Steve Sims

Personal information
- Nickname: Sammy
- Nationality: Welsh
- Born: 10 October 1958 (age 67) Newport, Wales
- Height: 5 ft 7 in (170 cm)
- Weight: Featherweight; Super-featherweight; Lightweight;

Boxing career

Boxing record
- Total fights: 29
- Wins: 14
- Win by KO: 4
- Losses: 14
- Draws: 1

= Steve Sims (boxer) =

Wales boxer

Steve "Sammy" Sims (born 10 October 1958) is a Welsh former professional boxer. He held the British featherweight title in 1982, the Welsh Area super-featherweight title from 1985 to 1986 and challenged once for the European featherweight title in 1983.

==Career==
Sims made his professional debut in June 1979, defeating Selvin Bell in a points decision (PTS). He suffered his first loss in his following fight, a fifth-round technical knockout (TKO) to Erig Roganesi. Sims fought frequently in his early career, fighting 14 times by November 1980, recording a 7–7 record. During this spell, he defeated future British bantamweight title holder Davy Larmour and suffered a defeat to another future bantamweight champion, John Feeney.

Following defeat to Feeney, Sims embarked on the longest unbeaten run of his career. He recorded a draw with Vernon Penprase in December 1980 before defeating him in a rematch six months later. He fought Jimmy Flint in October 1981. Flint entered the fight with a 27–2 record but suffered a knockout (KO) defeat to Sims, who went on to record a third straight victory by defeating Belgian Jean-Marc Renard.

When Patrick Cowdell vacated his British featherweight title in 1982, Sims was offered a fight against Terry McKeown for the vacant belt. The pair met in September 1982 in St. Andrew's Sporting Club. Sims knocked McKeown down in the 12th round, with his opponent falling out of the ring. The referee began a ten count against McKeown who reentered the ring on one knee as the referee reached ten, leading to Sims being declared the winner. McKeown unsuccessfully protested the call as Sims became the first Welshman to win the title since Howard Winstone in 1966.

Following his victory, Sims was set to face Barry McGuigan in his first title defence, being set to receive £7,000 for the bout. However, the temporary retirement of Cowdell resulted in Sims being nominated to face undefeated Italian Loris Stecca for the vacant European featherweight title. Sims ultimately chose to vacate his British title to take the fight against Stecca. Part of Sims' training regime for the fight involved running the 290 steps of the Newport Transporter Bridge, both up and down, ten times a day.

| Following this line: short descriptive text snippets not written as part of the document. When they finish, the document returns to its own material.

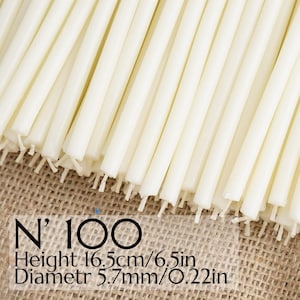 20 - 100 Pcs Ritual Candles, Wax Candles White Candles N100, Wax Orthodox Candles for Prayer, Ritualkerzen, Church Candles, Home Decoration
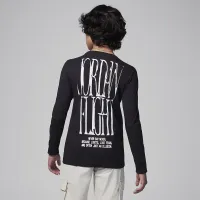 Nike Jordan MJ Flight Big детские Illusions Long Sleeve футболка цвет черный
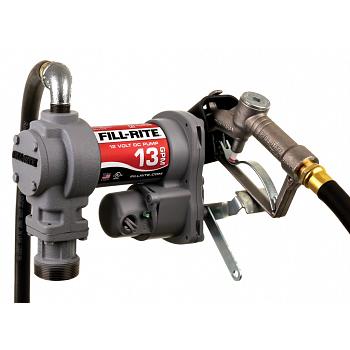 Fill-Rite SD1202H 12V Fuel Transfer Pump (Manual Nozzle, Discharge Hose, Suction Pipe) - 13 GPM 1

Sims lost the fight to Stecca by TKO and went on to lose three of his next four fights. He moved up to super-featherweight in 1985 and defeated Steve Cleak for the Welsh Area title at his new weight. He also successfully defended the belt against Tony Borg. He unsuccessfully challenged Robert Dickie for the British featherweight title in 1986 and fought in two more bouts before retiring.

==Later life==
After retiring from fighting, Sims opened Ringland Boxing Club in his hometown of Newport. He also set up Sammy's Community Hub in Alway. A documentary of his community work, entitled Boxing in the Blood, was premiered in his hometown in 2015.